Task description: A precise copy of the data is required, with every picture left out.

[Data extracted from a collection]
::::::::::

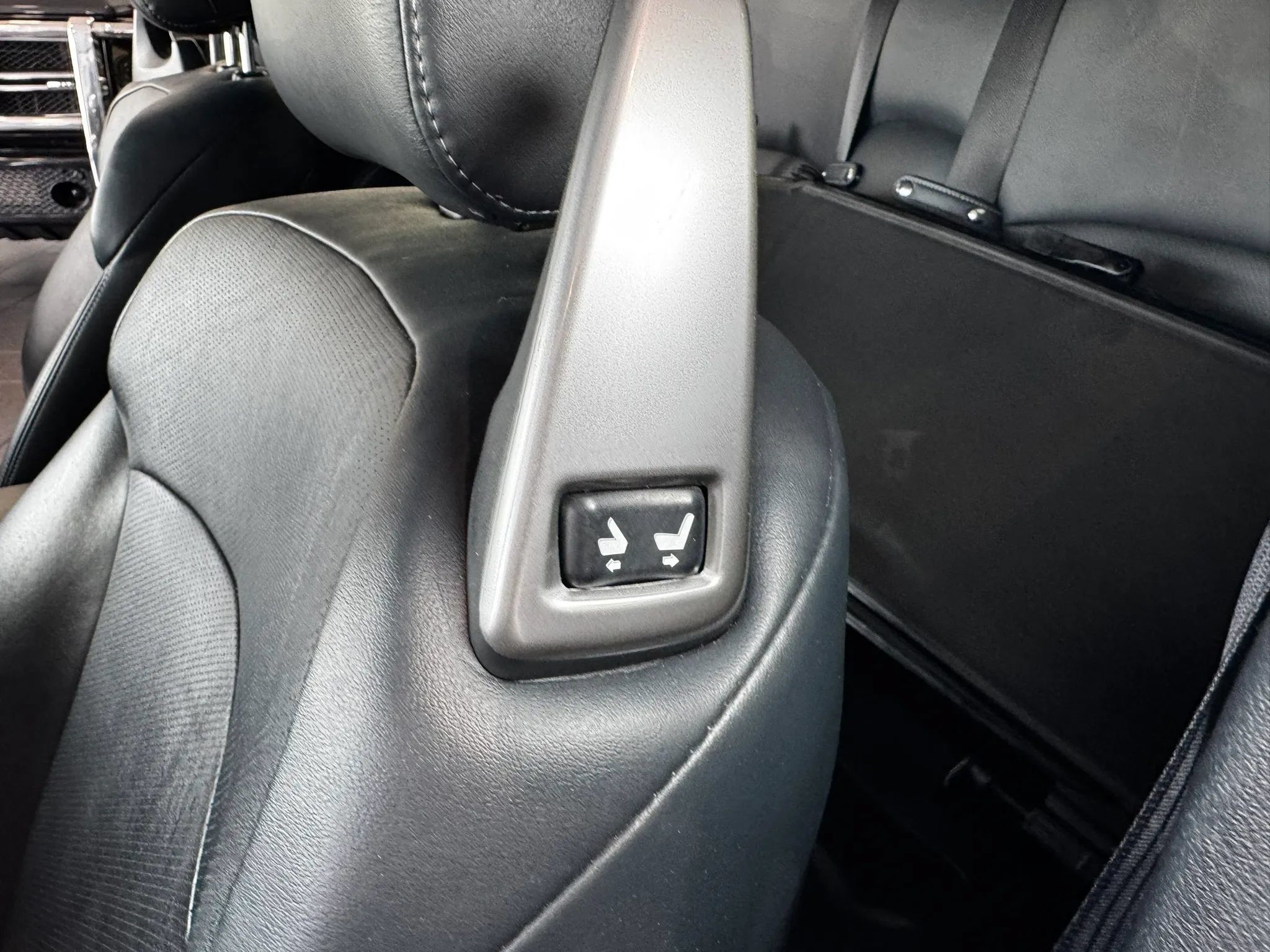 Used 2013 Lexus IS 250C w/ Luxury Pkg RWD image 12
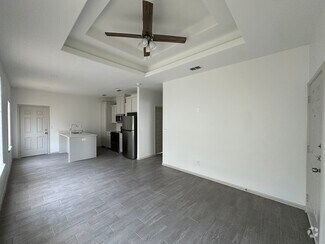 Building Photo - 2700 W Mile 5 Rd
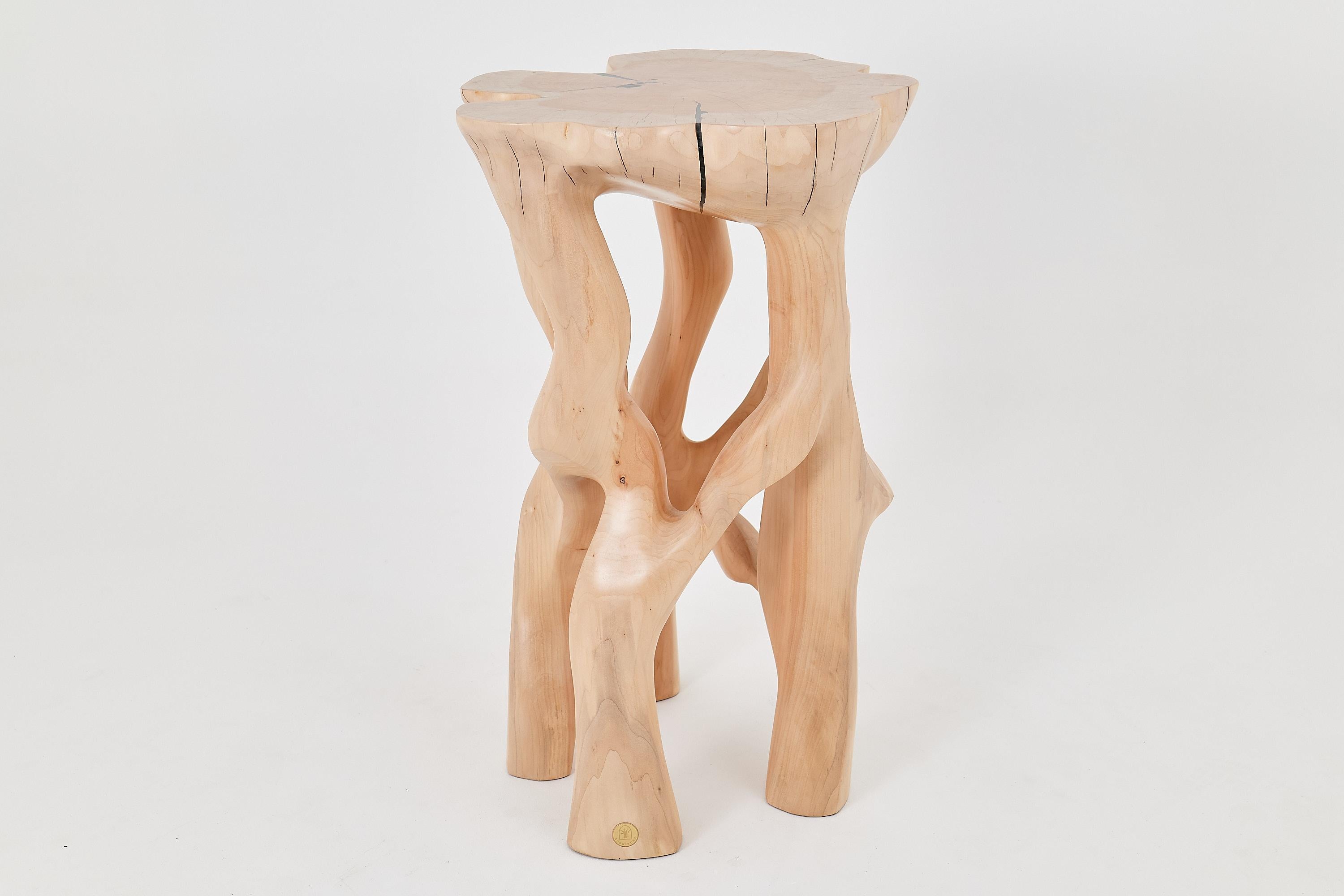 Mesa auxiliar escultórica de madera maciza, diseño original contemporáneo, logniture en venta 4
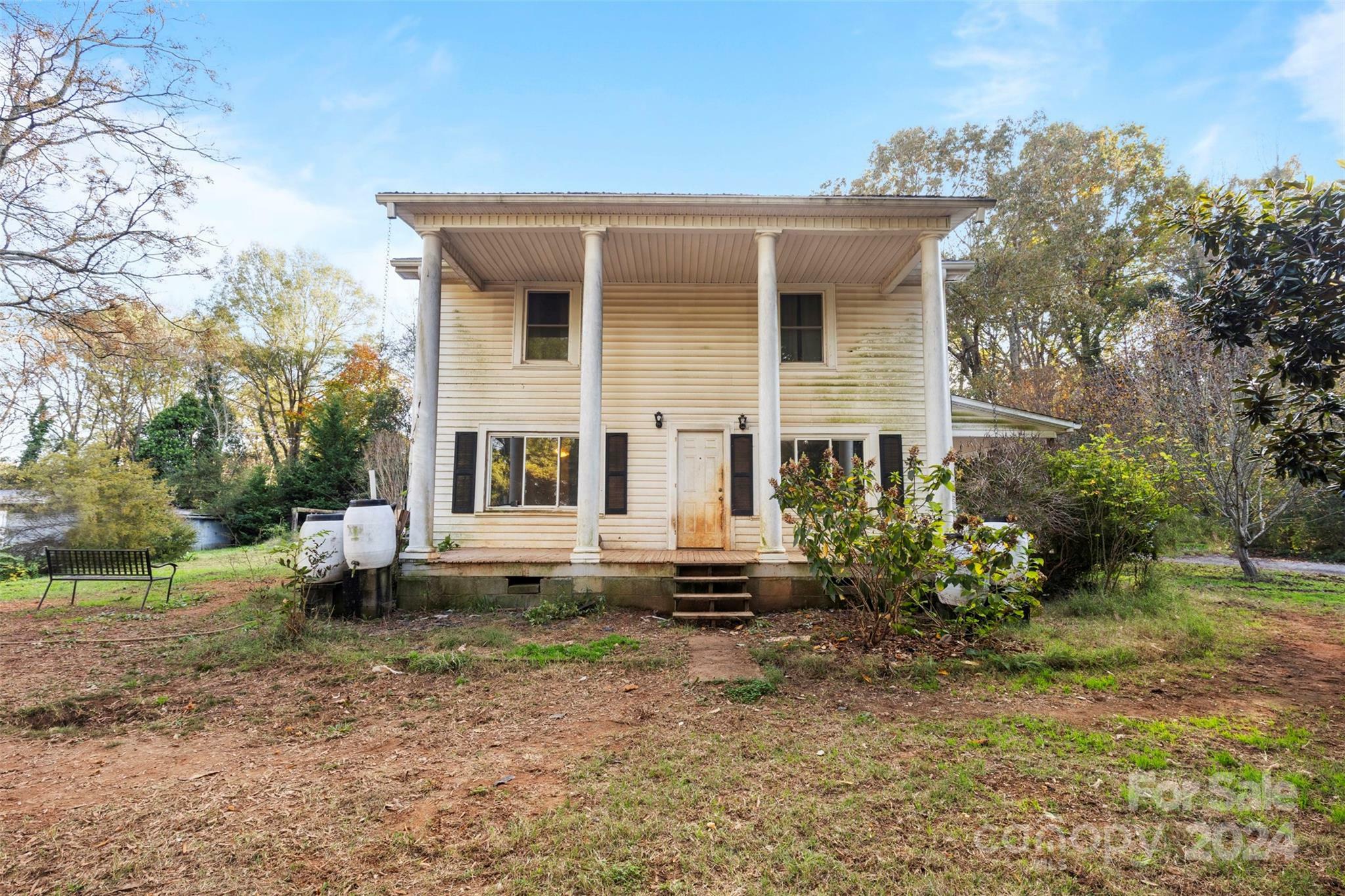 Property Photo:  1915 Lynnwood Drive  NC 28677 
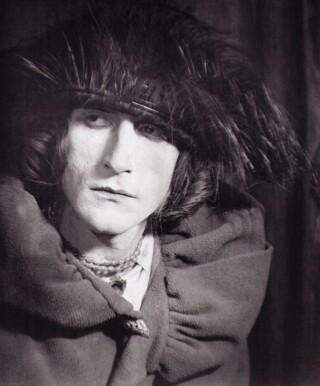 Marcel Duchamp als Rrose Sélavy 
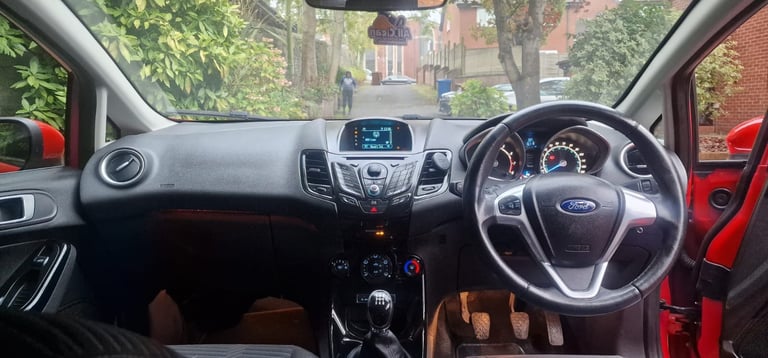 Ford, FIESTA, Hatchback, 2013, Manual, 998 (cc), 5 doors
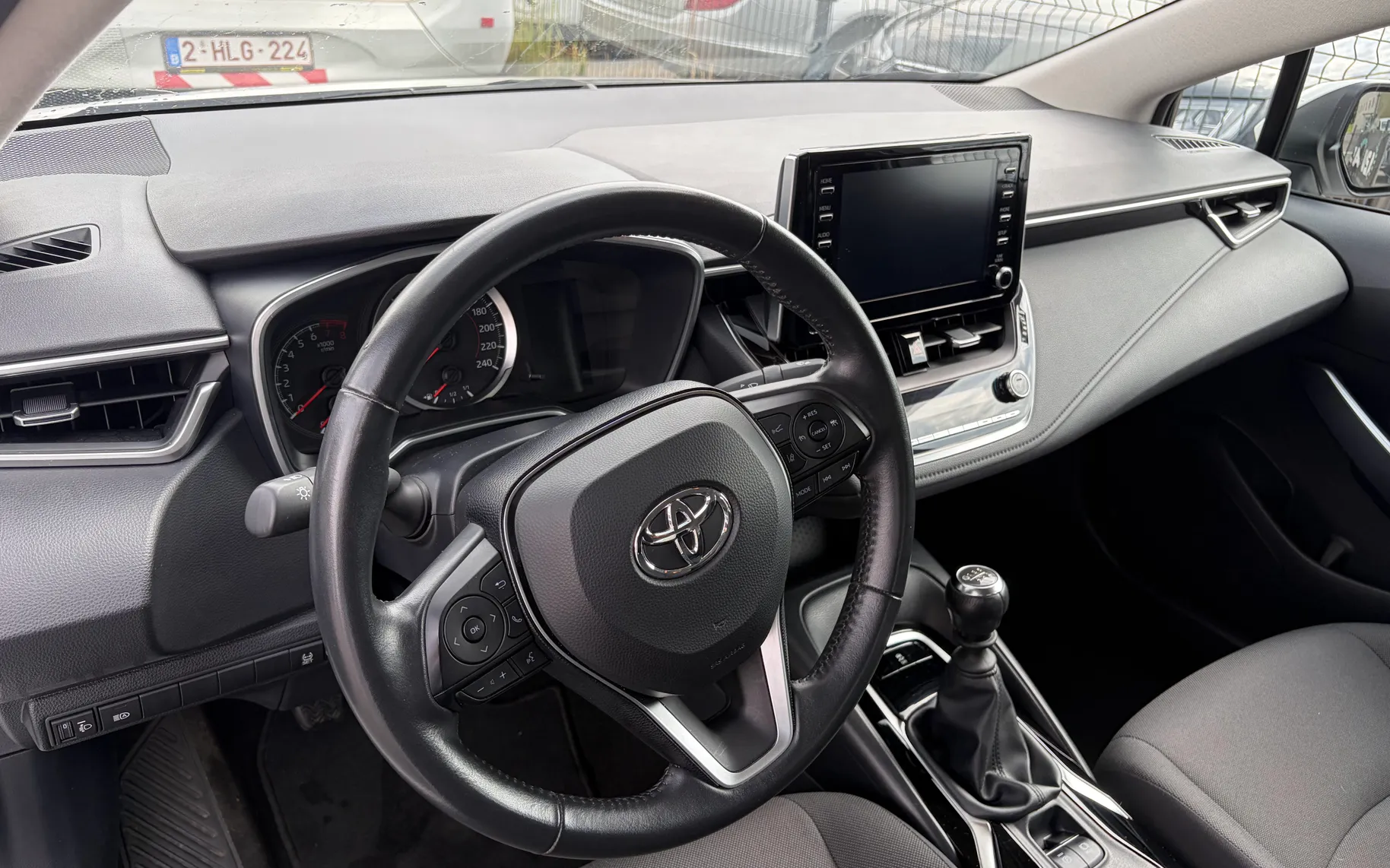 Notranja slika - Toyota Corolla - 1,6 VVT-i Luna - 6
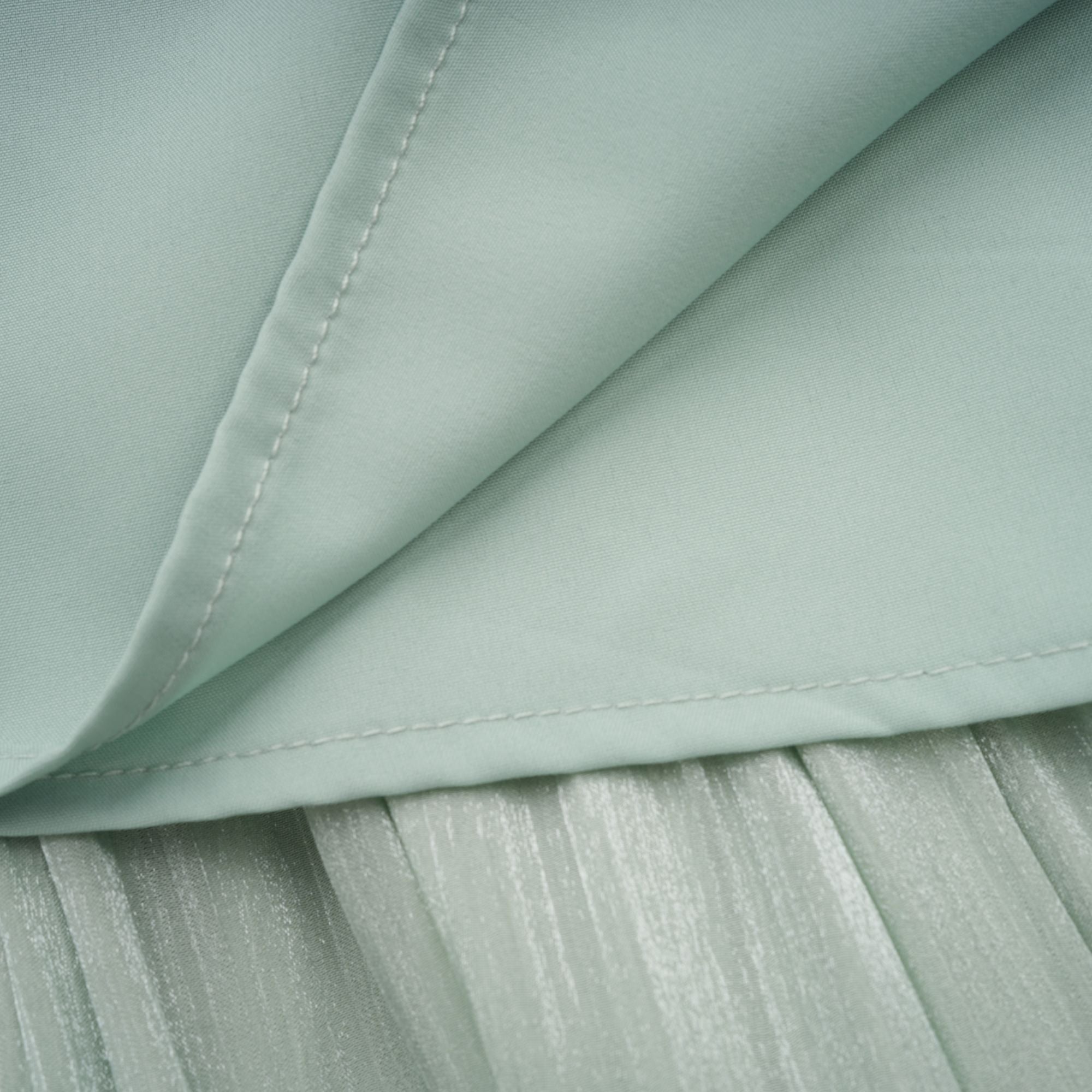 فستان ماكسي مكسّر باللون الأخضر النعناعي من يوراني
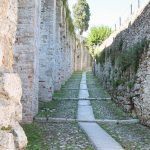 Schmaler, steiler Pfad hinauf zum Castillo de Conegliano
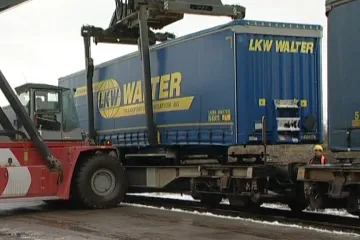 Během rekonstrukce D1 kamiony na koleje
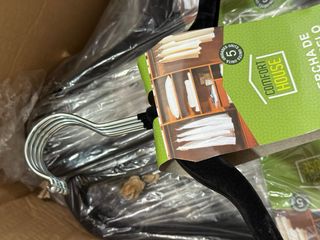 Lote 65 Perchas Terciopelo Negro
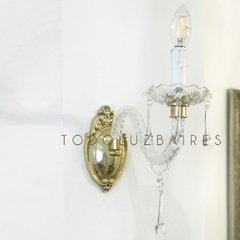 Aplique de pared de 1 luz con base de bronce dorada y brazo de vidrio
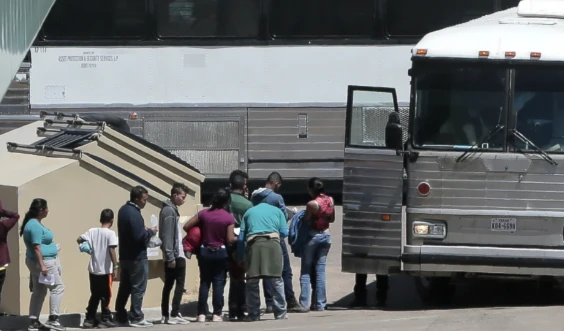 Toddler dies in US on a Texas migrant bus going to Chicago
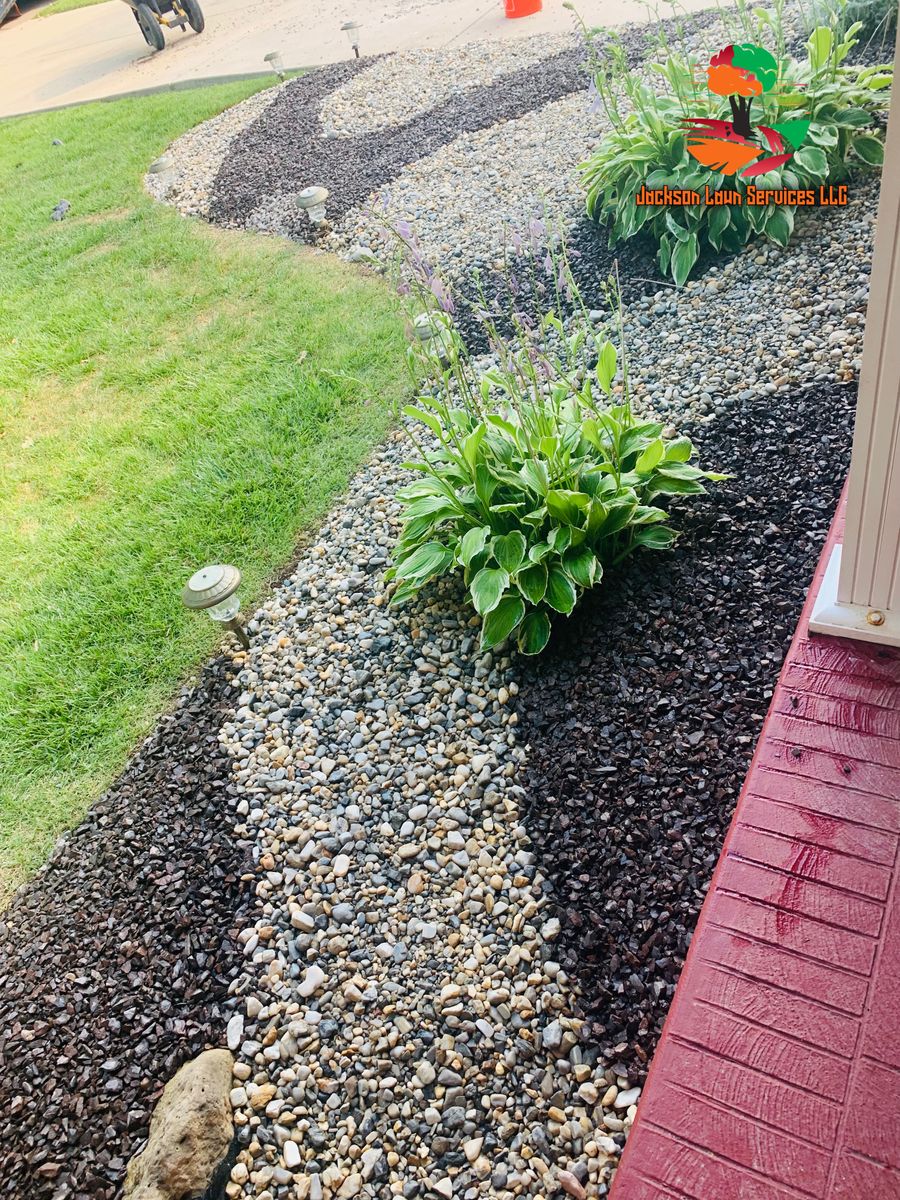 Mulch Installation for Jackson Lawn Services LLC in St Louis, MO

::::::::::

Task result:
 Used 2013 Lexus IS 250C w/ Luxury Pkg RWD image 12
 Building Photo - 2700 W Mile 5 Rd
 Mesa auxiliar escultórica de madera maciza, diseño original contemporáneo, logniture en venta 4
 Property Photo:  1915 Lynnwood Drive  NC 28677 
 Marcel Duchamp als Rrose Sélavy 
 Ford, FIESTA, Hatchback, 2013, Manual, 998 (cc), 5 doors
 Notranja slika - Toyota Corolla - 1,6 VVT-i Luna - 6
 فستان ماكسي مكسّر باللون الأخضر النعناعي من يوراني
 Schmaler, steiler Pfad hinauf zum Castillo de Conegliano
 Během rekonstrukce D1 kamiony na koleje
 Lote 65 Perchas Terciopelo Negro
 Aplique de pared de 1 luz con base de bronce dorada y brazo de vidrio
 Toddler dies in US on a Texas migrant bus going to Chicago
 Mulch Installation for Jackson Lawn Services LLC in St Louis, MO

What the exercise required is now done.